Re: Some Obversations while refactoring into submodules

Posted by Tim Ellison <t....@gmail.com>.

On 04/10/16 07:19, Darin Johnson wrote:
> Spent some time working on this tonight.  Currently it's here:
> https://github.com/DarinJ/incubator-pirk/tree/submodules 

Thanks Darin, looking good.

My first thought is that the StandaloneResponder look s a bit out of
place now in core, but it may be overkill to pull it out into its own
module.  WDYT?

> if anyone wants to
> provide a sanity check on how I've modified the ResponderPlugin to handle
> the distributed tests (Look at the ResponderPlugin and maybe
> SparkResponder).  Here we added a hasDistributedTest and
> runDistributedTest, the reason for hasDistributedTest is that Storm didn't
> have a test in BaseTests.

Yeah, though in time I hope that the BaseTests don't differentiate on
distributed vs stand alone tests.  I'm afraid it is a bit of a Pirk-ism
for the code to know about implementation details elsewhere.  IMHO the
various test queries should run on all available plug-ins, and not be
concerned with the distributed/otherwise nature of the implementation.

> The basic idea is to provide the Plugins the ability to setup their own
> distributed test and provide BaseTests back with the list of objects.  I
> moved performQuery from DistTestSuite to BaseTests and made it private,
> this got rid of a circular dependency.  There's a few things I don't
> particularly like the setup necessarily handled in two functions and
> there's a lot of file reads/writes.  I don't think this can be helped due
> to the nature of the tests.  I'm also torn on calling main, using
> ProcessBuilder, each frameworks special pragmatic launcher.

It's a journey and this is a big step in the right direction  :-)

> Please note at present, you have to specify a test to run (i.e. -t 1:JS),
> this is because not all responders are in all jars now (so some tests fail
> saying plugin not found). That should be corrected tomorrow, I wouldn't
> recommend going that far. I'll have the TestSuite look for available
> platforms that have a distributed test and then run them.  I also plan to
> start consolidating functions in DistTestSuite.java and BaseTests.java.
> 
> Also in BaseTests, it seems really awkward that Standalone is there but has
> special performQuery methods and special results.  Is there a particular
> reason for this?  It would be nice to make it so standalone was tested the
> same way.

Definitely.

> The other modules should be easier to break out.  I have bothered
> optimizing maven yet.

I assume you mean for the submodule dependencies etc?  No problem.

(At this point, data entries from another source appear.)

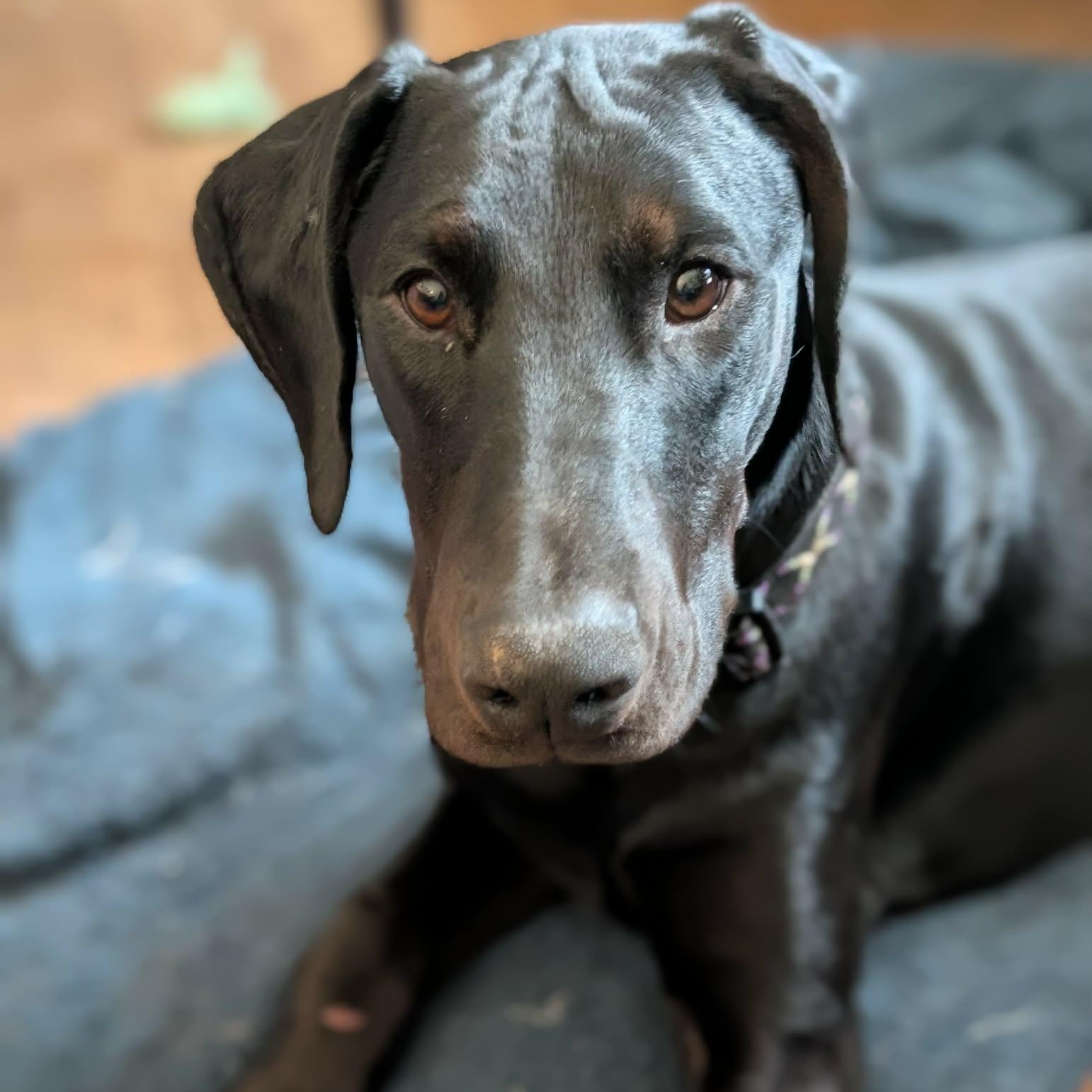 Enlarge Bonsai, a Adoptable Doberman Pinscher in Buffalo, MN image 1/3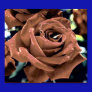 Rose Painting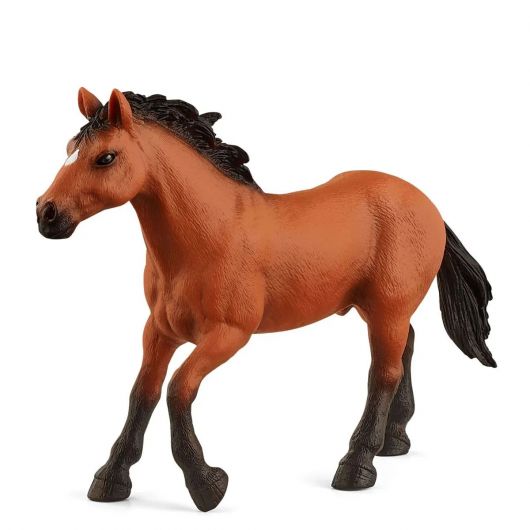 Figurine étalon Appaloosa - Schleich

Your branch is testing ok for me locally:
[INFO] Apache Pirk (incubating) Project ................... SUCCESS [
1.392 s]
[INFO] pirk-core .......................................... SUCCESS
[01:17 min]
[INFO] pirk-storm ......................................... SUCCESS [
54.000 s]
[INFO] pirk-spark ......................................... SUCCESS [
3.275 s]
[INFO] pirk-mapreduce ..................................... SUCCESS [
1.095 s]

The overall direction is good.  Once the release is cut, and you are
happy that it is reasonably in shape, I think it would be good to switch
over to the modular builds so we can collaborate on the refinements.

Regards,
Tim

> On Thu, Sep 29, 2016 at 7:39 AM, Darin Johnson <db...@gmail.com>
> wrote:
> 
>> Great, will do. Unfortunately, I don't think this will be done by end of
>> week.  We'll see.
>>
>> On Sep 29, 2016 6:32 AM, "Ellison Anne Williams" <ea...@apache.org>
>> wrote:
>>
>>> I would say that the DistributedTestSuite is ripe for refactor - it grew
>>> pretty organically and hasn't had a good refactoring yet. ;)
>>>
>>> What you suggested sounds reasonable - look forward to seeing the code.
>>>
>>> On Thu, Sep 29, 2016 at 4:48 AM, Tim Ellison <t....@gmail.com>
>>> wrote:
>>>
>>>> On 29/09/16 01:50, Darin Johnson wrote:
>>>>> Hey guys, started working on refactoring into submodules and noticed a
>>>> few
>>>>> things.
>>>>>
>>>>> First the class DistributedTestSuite in org.apache.pirk.tests package
>>> is
>>>>> directly calling SparkLauncher, which can be avoided using platform
>>>>> (already a TODO). This will be needed to break the spark responder
>>> out.
>>>> No
>>>>> issues here' expected it.
>>>>>
>>>>> Also noticed that DistributedTestSuite calls
>>>> BaseTests.testDNSHostnameQuery
>>>>> which in turn calls the static method performQuery in
>>>>> DistTestSuite.performQuery so we've got a cyclic dependency.  I'm
>>>> thinking
>>>>> this should be refactored, which shouldn't be hard - most of the
>>> method
>>>> are
>>>>> static.
>>>>>
>>>>> I figured I should solicit some thoughts on the best approach to going
>>>>> about this before jumping in.  Comments welcome, especially as I
>>> haven't
>>>>> written anything yet :).
>>>>>
>>>>> My initial thoughts are the DistTestSuite should see what distributed
>>>>> frameworks are available (via plugin) and then run those tests.  This
>>>> will
>>>>> likely require a setup helper for each framework though - the
>>>> DistTestSuite
>>>>> might then need to skip frameworks where the setup helper isn't found.
>>>> If
>>>>> this seems to be the approach people would like I'll start stubbing it
>>>> out
>>>>> and get some opinions.
>>>>
>>>> Yep, sounds reasonable.  The distributed tests should discover what
>>>> platforms are available and run on them, perhaps printing a warning if
>>>> an expected project platform is not found.
>>>>
>>>> Looking forward to seeing the code.
>>>>
>>>> Regards,
>>>> Tim
>>>>
>>>>
>>>
>>
>

Re: Some Obversations while refactoring into submodules

Posted by Darin Johnson <db...@gmail.com>.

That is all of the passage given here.